Distributed Inception - CUDA allocation error

Hi guys,

I 'm trying to train from scratch in a distributed setting an Inception architecture.
Right now, my configuration use only one server (ps) on a jetson TX2 and one worker on another Jetson.

-The sources come from the Tensorflow github https://github.com/tensorflow/models/tree/master/research/inception
-The Jetsons use the latest jetpack and your latest official version of Tensorflow
-I use python 3.5.2

I encounter the following error on the worker device.

2018-09-27 15:51:53.972490: E tensorflow/stream_executor/cuda/cuda_driver.cc:965] failed to alloc 2304 bytes on host: CUDA_ERROR_UNKNOWN
2018-09-27 15:51:53.978684: W ./tensorflow/core/common_runtime/gpu/pool_allocator.h:195] could not allocate pinned host memory of size: 2304

For your record:
-Training runs fine on PCs.
-Training runs with no error on jetsons if I don’t define a cuda device (so only on CPUs).
-Training works on a single jetson with GPU (no distributed setting) but use a lot of memory and need to swap 800MB.

I tried the following solutions:
-I reduce everything to minimal (batch_size, size of the queue, etc.)
-I allow GPU memory growth

In inception_distributed_train.py:

sess_config = tf.ConfigProto(
          allow_soft_placement=True,
          log_device_placement=FLAGS.log_device_placement)

I put:

sess_config.gpu_options.allow_growth = True

Which do not seem to change anything (distributed or not)

The last thing I tested was to run the ps on a Jetson and the worker on the PC.
I get the following error on the ps (Jetson):

2018-09-28 07:23:54.782972: W tensorflow/core/common_runtime/bfc_allocator.cc:279] <allocator contains no memory>
2018-09-28 07:23:54.783154: W tensorflow/core/framework/op_kernel.cc:1318] OP_REQUIRES failed at assign_op.h:117 : Resource exhausted: OOM when allocating tensor with shape[768] and type float on /job:ps/replica:0/task:0/device:CPU:0 by allocator cuda_host_bfc
2018-09-28 07:23:54.783164: E tensorflow/stream_executor/cuda/cuda_driver.cc:965] failed to alloc 4194304 bytes on host: CUDA_ERROR_UNKNOWN
2018-09-28 07:23:54.783405: W ./tensorflow/core/common_runtime/gpu/pool_allocator.h:195] could not allocate pinned host memory of size: 4194304

But it works if I don’t use the GPU on the Jetson.

I would appreciate any solution for these errors.
Thanks in advance,

Regards,
Paul

PS: Sorry for my english, it’s not my native language

Hi,

Two things want you know first:
1. It’s NOT recommended to use Jetson for training since it is naturaly designed for inferencing.
2. We don’t have experience for distributed training on Jetson.
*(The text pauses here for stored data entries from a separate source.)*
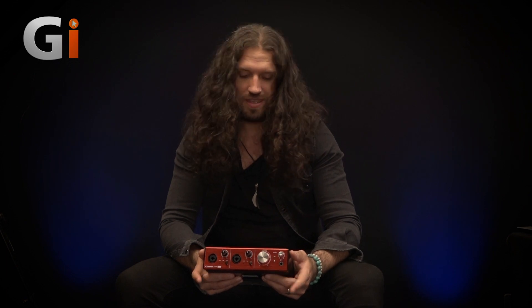With latency that low, there's really no need for DSP to set up your monitor mixes inside this device. You can just listen through the plugins that you're going to mix with, which is very cool — a nice intuitive way of working. And of course, it means you're not stuck with whatever sounds are bundled inside the box.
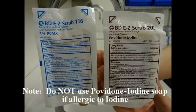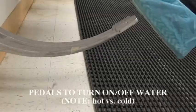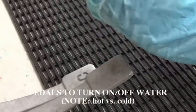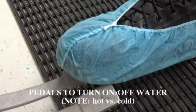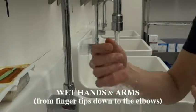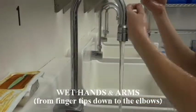Do not use iodine-containing soap if allergic to iodine. Peel the soap container open prior to wetting hands. Use the petals to turn on or off the water. Use caution to ensure the water does not get too hot. Keeping your elbows pointed down, wet hands and arms from the fingertips down to the elbow.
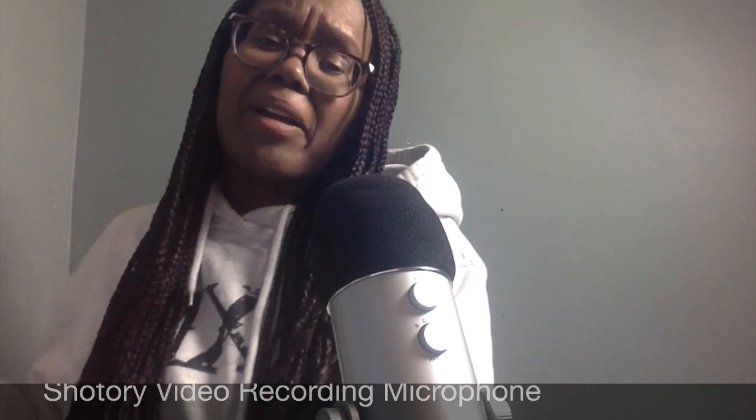Hi, this is Monique, and today I want to talk about what's called the Shotori microphone. It's an on-camera microphone for Nikon SLR cameras. This is what it looks like mounted on my camera — it's mounted on the hot shoe of the camera and plugged into the microphone jack. It's for video-style SLR cameras. You can see it here on the side with a windscreen.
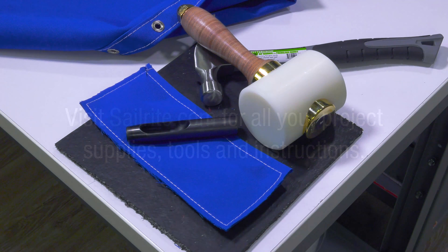This means less effort and pounding is required to set fasteners, grommets, and to cut holes in thick fabric assemblies. Here we're setting a number three spur grommet.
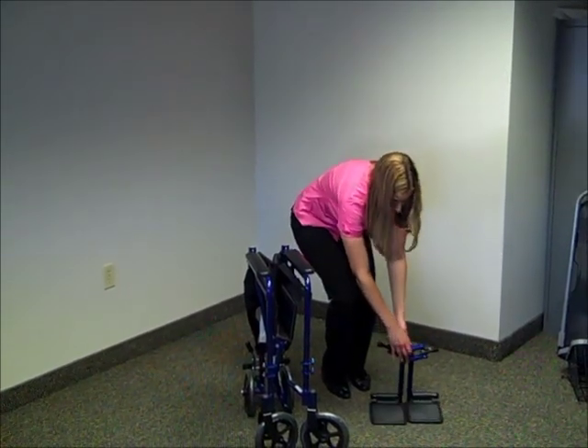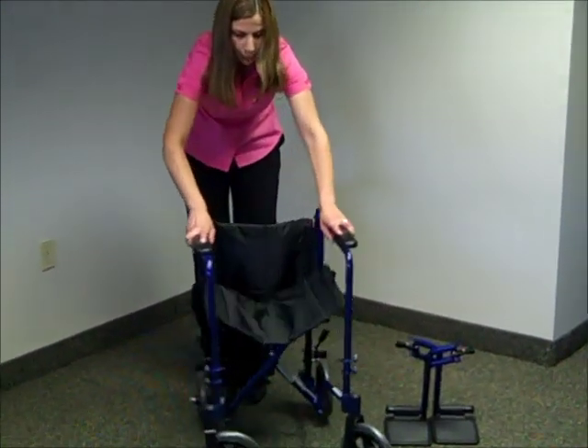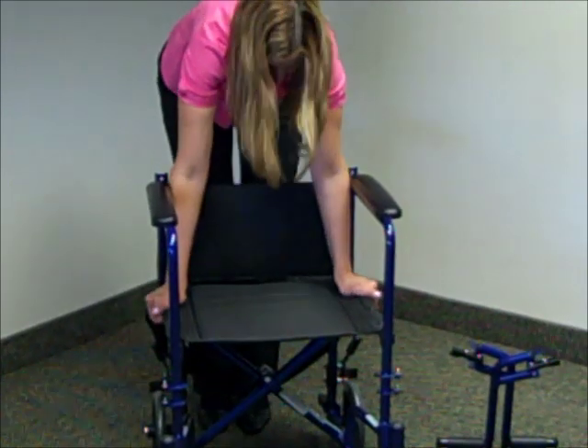The first step to open your chair is to grab the armrest and pull it apart. Make sure you press down on the seat just to make sure it's fully opened.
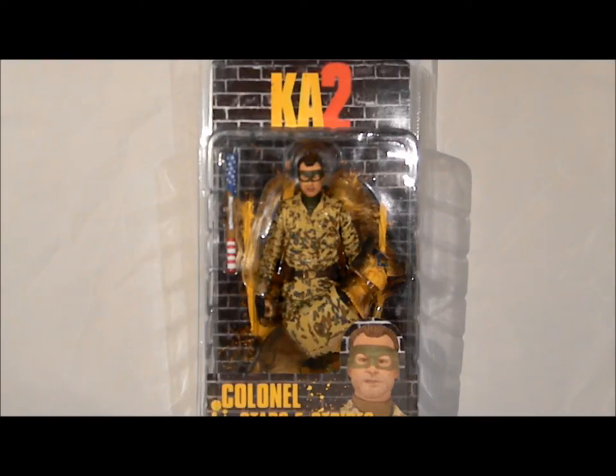What's going on everybody, it's Ferrell Black and I'm bringing you another review. This time it's of the Colonel Stars and Stripes Kick-Ass 2 figure, based on Jim Carrey and the way that he played the character in the movie.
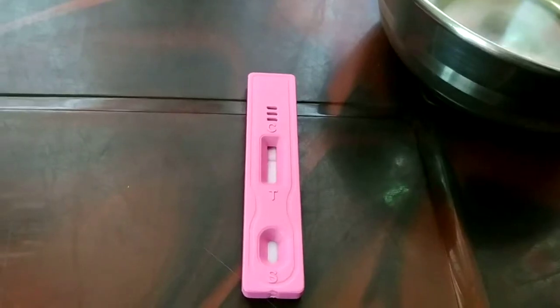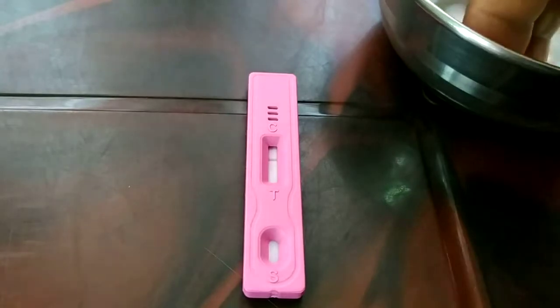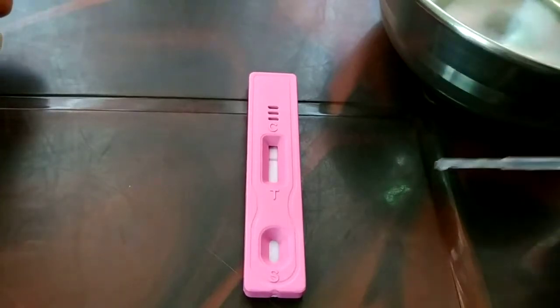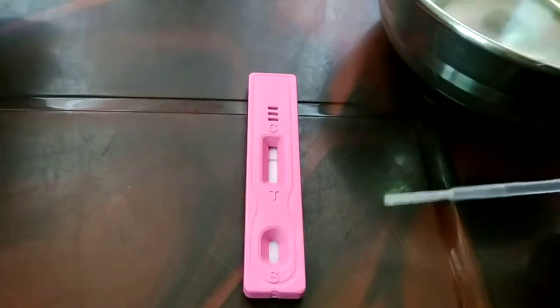You can see the result in 30 seconds to one minute. Sometimes the maximum time mentioned for the result is five to ten minutes, but I got the result in 32 seconds to one minute. You can see right over here on the top there's a dark line.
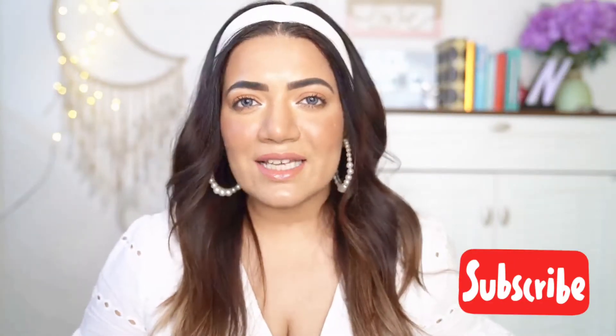Hi guys! Welcome to my channel! In this video, I'm going to tell you how to create some super easy hairstyles using a scarf.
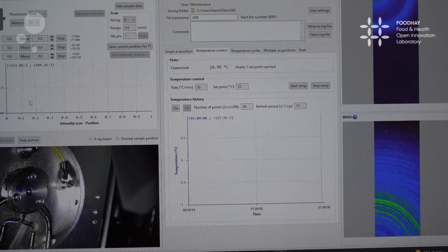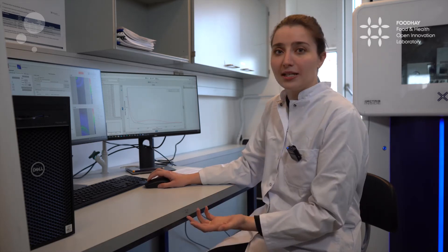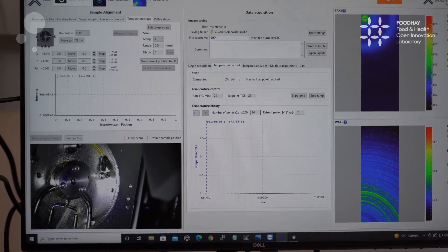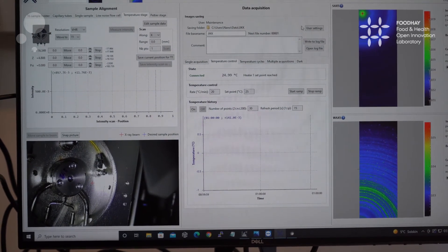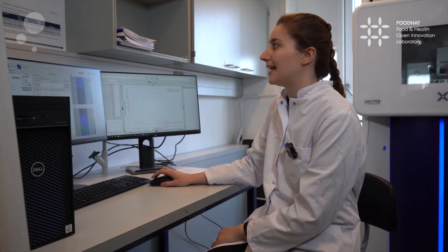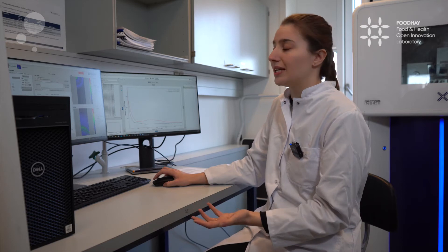To start the measurement, it is important that we are working with the right parameters. Here we can fine-tune the system. We can choose at which exact position the X-rays shall hit the sample, and we can monitor the progress in a live feed of the sample stage. Once we set up all the parameters and choose where our data wants to be saved, we can begin the measurement and get an estimate of how long it will take.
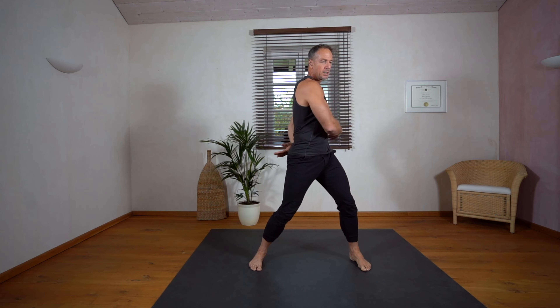Now we go into a T or L stand and we just move back and forth from one side to the other. We keep an upright upper body and we move basically from the hips. Feel the connection from the hips to your ankles — the whole chain. And now we change to the other side.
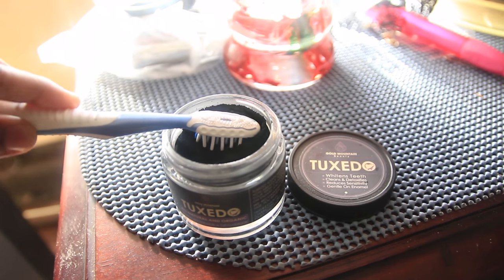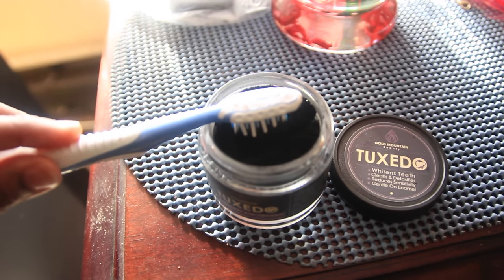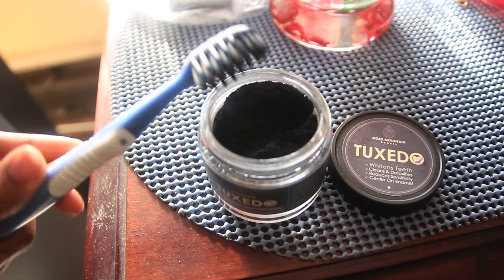All you see me doing right now is just taking my damp toothbrush and dipping it in the activated charcoal. That is it.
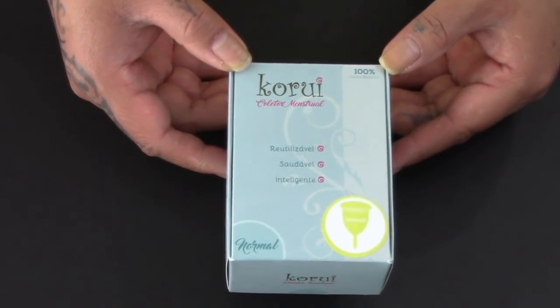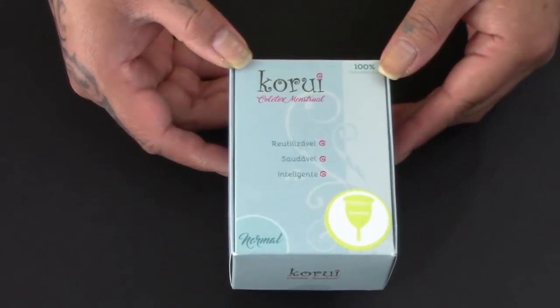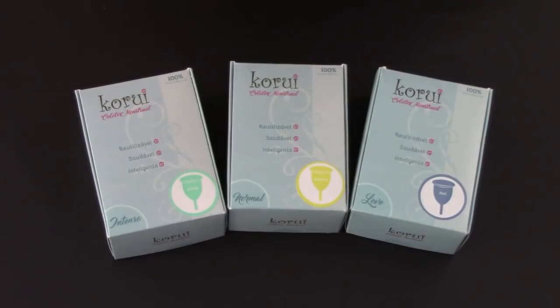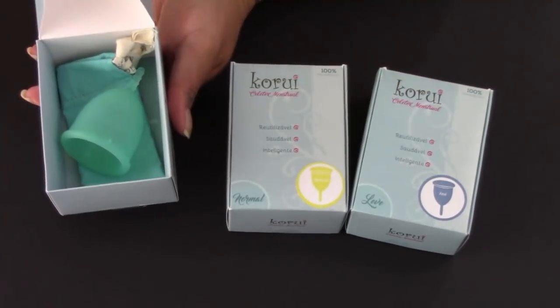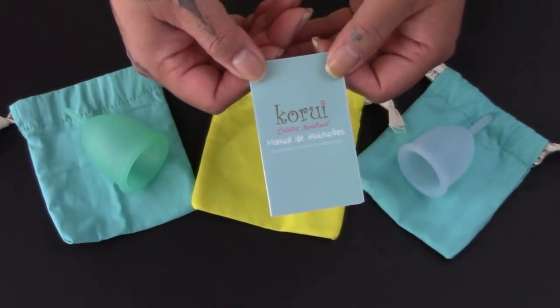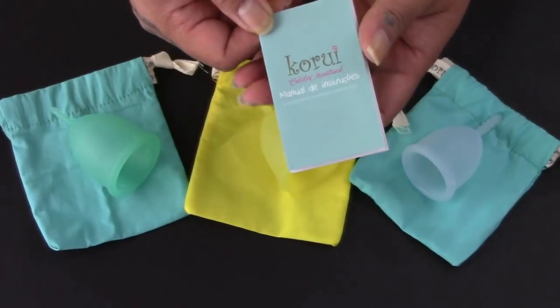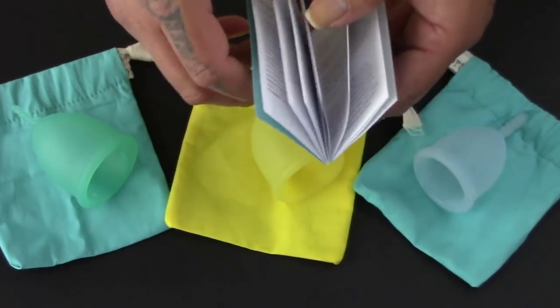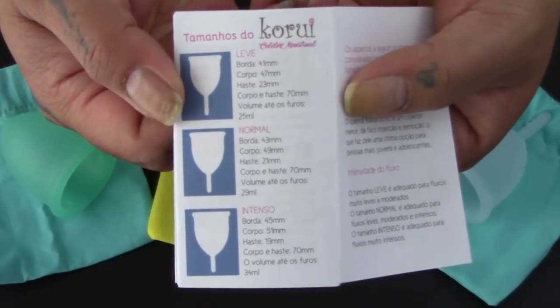First up, the Korui menstrual cup. I'll do a quick turnaround of the box — everything is the same besides the color and the size indicator. Here are the three different sizes of the Korui: the large, medium, and small. Here are the three different colors that I purchased. They do have some other colors and you can check that out on the website. Here is the pamphlet that these cups come with and it is all in Portuguese, so I'm not really going to open it. It is quite a long booklet and it is printed front and back. But here's some information that will probably interest you.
It may have some issues.

Based on you log, the error comes from allocating big chunk of memory.
It should be avoided by setting gpu_options.allow_growth.
Please make sure the configuration is applied on all of devices. Both master and slaves.

Thanks.

Hi AastaLLL.

Thank you for your reply.

I am aware that distributed training is not a classic case of using Jetsons.
The reason that drives me to do it is that I am currently working on a research project.
In this project, we want to perform embedded learning on field.
Since the abilities of a single Jetson are limited, we seek to distribute this learning on a cluster of Jetsons.

Concerning the gpu_options.allow_growth:
Enabling this option does not seem to change anything (even in undistributed training).
This problem (the allow_growth not working) does not seem to be related to distribution.

Do you know why the option does not work?

Thanks again.

Hi Zarathoustra,

The allow_growth option will cause TensorFlow to allocate memory as needed, but it is still possible to run into memory issues.

In some scenarios we have found that using a different GPU memory allocator (rather than the default bfc allocator) will work. However, this may come with a performance tradeoff.

Could you try using a different allocator by calling the following in the shell you launch TensorFlow from?

export TF_GPU_ALLOCATOR=”cuda_malloc”

Thanks,
John

Hi John,

Thanks for the tip, I never thought about changing the allocator.
After several tests, I observe the same behavior whatever the chosen allocator.

I finally found my mistake, the configuration was badly applied :
Despite the fact that Tensorflow showed that the option allow-growth was enabled, assigning to each training session the option is not the right way to proceed.

For users interested in the solution, you must set the gpu options on the server instance.
It should look like that :

config = tf.ConfigProto()
config.gpu_options.allow_growth = True

server = tf.train.Server(
      ...,
      config=config)

Strangely this method is not used in the source code.

In any case, thank you for your time. I really appreciate the fact that you also help to solve unconventional problems.

Best Regards,
Paul